Obligation aux dettes sociales : Art. 131 : " Au cours d'une procédure de liquidation judiciaire, le tribunal peut décider de mettre à la charge de l'un des dirigeants de droit ou de fait d'une personne morale la totalité ou une partie des dettes de cette dernière lorsqu'il est établi, à l'encontre de ce dirigeant, que l'une des fautes ci-après a contribué à la cessation des paiements :
1° Avoir disposé des biens de la personne morale comme des siens propres ;
2° Sous le couvert de la personne morale masquant ses agissements, avoir fait des actes de commerce dans un intérêt personnel ;
3° Avoir fait des biens ou du crédit de la personne morale un usage contraire à l'intérêt de celle-ci à des fins personnelles ou pour favoriser une autre personne morale ou entreprise dans laquelle il était intéressé directement ou indirectement ;
4° Avoir poursuivi abusivement, dans un intérêt personnel, une exploitation déficitaire qui ne pouvait conduire qu'à la cessation des paiements de la personne morale ;
5° Avoir détourné ou dissimulé tout ou partie de l'actif ou frauduleusement augmenté le passif de la personne morale. "
Faillite personnelle : Art. 136 : " Le tribunal peut prononcer la faillite personnelle de toute personne mentionnée à l'article L. 653-1 contre laquelle a été relevé l'un des faits ci-après :
1° Avoir exercé une activité commerciale, artisanale ou agricole ou une fonction de direction ou d'administration d'une personne morale contrairement à une interdiction prévue par la loi ;
2° Avoir, dans l'intention d'éviter ou de retarder l'ouverture de la procédure de redressement judiciaire ou de liquidation judiciaire, fait des achats en vue d'une revente au-dessous du cours ou employé des moyens ruineux pour se procurer des fonds ;
3° Avoir souscrit, pour le compte d'autrui, sans contrepartie, des engagements jugés trop importants au moment de leur conclusion, eu égard à la situation de l'entreprise ou de la personne morale ;
4° Avoir payé ou fait payer, après cessation des paiements et en connaissance de cause de celle-ci, un créancier au préjudice des autres créanciers ;
5° Avoir, en s'abstenant volontairement de coopérer avec les organes de la procédure, fait obstacle à son bon déroulement ;
6° Avoir fait disparaître des documents comptables, ne pas avoir tenu de comptabilité lorsque les textes applicables en font obligation, ou avoir tenu une comptabilité fictive, manifestement incomplète ou irrégulière au regard des dispositions applicables. "

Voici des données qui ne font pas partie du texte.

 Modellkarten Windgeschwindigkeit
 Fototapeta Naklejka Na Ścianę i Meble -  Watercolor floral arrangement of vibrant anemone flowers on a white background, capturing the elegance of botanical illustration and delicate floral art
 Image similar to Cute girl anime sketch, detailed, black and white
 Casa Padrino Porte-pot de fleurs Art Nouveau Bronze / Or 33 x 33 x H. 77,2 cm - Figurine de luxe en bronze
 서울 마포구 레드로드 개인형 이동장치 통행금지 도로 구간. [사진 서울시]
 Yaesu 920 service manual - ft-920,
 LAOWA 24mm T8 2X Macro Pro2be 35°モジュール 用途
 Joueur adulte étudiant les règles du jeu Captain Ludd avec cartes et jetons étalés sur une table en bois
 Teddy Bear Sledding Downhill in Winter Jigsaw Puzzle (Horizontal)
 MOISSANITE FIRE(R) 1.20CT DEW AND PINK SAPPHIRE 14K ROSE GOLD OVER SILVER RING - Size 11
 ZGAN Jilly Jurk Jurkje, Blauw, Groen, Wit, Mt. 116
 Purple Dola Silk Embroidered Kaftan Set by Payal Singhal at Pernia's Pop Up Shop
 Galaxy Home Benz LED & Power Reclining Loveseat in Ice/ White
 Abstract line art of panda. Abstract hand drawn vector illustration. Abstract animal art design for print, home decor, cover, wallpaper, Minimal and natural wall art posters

Interdiction de gérer : Art.140 : " Lorsque le tribunal prononce la faillite personnelle ou l'interdiction prévue à l'article L. 653-8, il fixe la durée de la mesure, qui ne peut être supérieure à quinze ans. Il peut ordonner l'exécution provisoire de sa décision. Les déchéances, les interdictions et l'incapacité d'exercer une fonction publique élective cessent de plein droit au terme fixé, sans qu'il y ait lieu au prononcé d'un jugement. Le jugement de clôture pour extinction du passif, y compris après exécution de l'obligation aux dettes sociales prononcée à son encontre, rétablit le chef d'entreprise ou les dirigeants de la personne morale dans tous leurs droits. Il les dispense ou relève de toutes les déchéances, interdictions et incapacité d'exercer une fonction publique élective. "
Le délai de prescription de ces deux dernières sanctions est de trois ans.